Les personnes interviewées ont cité de nombreuses personnes qui, d’après elles, avaient été tuées et Amnesty International a recueilli les noms de plus de 240 victimes. Elle n’a pas pu vérifier de manière indépendante le bilan total, mais des témoignages concordants et des preuves venant étayer ces témoignages rendent plausible l’hypothèse de centaines de morts parmi la population.
Inhumation des morts
La plupart des inhumations ont eu lieu le 30 novembre ; il a toutefois fallu plusieurs jours pour récupérer et enterrer les corps.
De nombreux habitants ont déclaré s’être portés volontaires pour emmener les cadavres sur des charrettes, par groupes de cinq ou 10 à la fois. L’un d’entre eux a affirmé avoir transporté 45 corps. Les habitants estiment que plusieurs centaines de personnes ont été enterrées au lendemain du massacre et ils ont assisté aux funérailles dans plusieurs églises, où ont eu lieu nombre de ces enterrements. Des centaines de personnes ont été inhumées lors de la plus grande cérémonie funéraire qui s’est tenue au centre qui englobe l’église d’Arbatu Ensessa et l’église Ste-Marie de Sion, à Aksoum.

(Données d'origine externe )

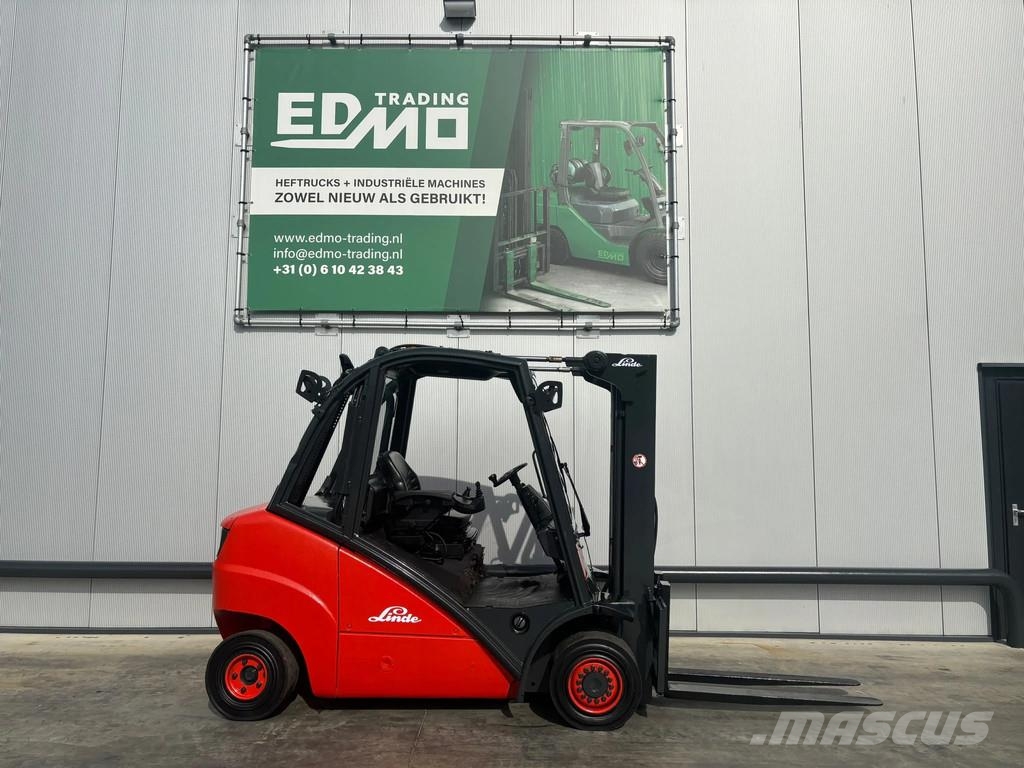 Linde H35 Diesel Heftruck 디젤 지게차
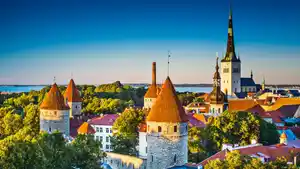 Kreuzfahrten Ostsee - Baltikum & Finnland: Seereise mit dem DFDS-Fährschiff ab/an Kiel & Baltikum-Rundreise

Le Laboratoire de preuves du programme Réaction aux crises d’Amnesty International a géolocalisé une vidéo montrant des personnes qui portent un homme mort sur une civière à Da’Ero Ela Plaza (14.129918, 38.717113), vers l’église d’Arbatu Ensessa. Des images satellite de haute résolution datant du 13 décembre montrent de la terre retournée, qui correspond à des tombes récentes près des églises d’Arbatu Ensessa et d’Abune Aregawi.
Intimidations et pillages
Dans les jours qui ont suivi les enterrements, les soldats érythréens ont rassemblé des centaines d’habitants dans différents quartiers de la ville. Ils ont frappé certains hommes, les menaçant de recommencer à tuer, par vengeance, s’ils résistaient.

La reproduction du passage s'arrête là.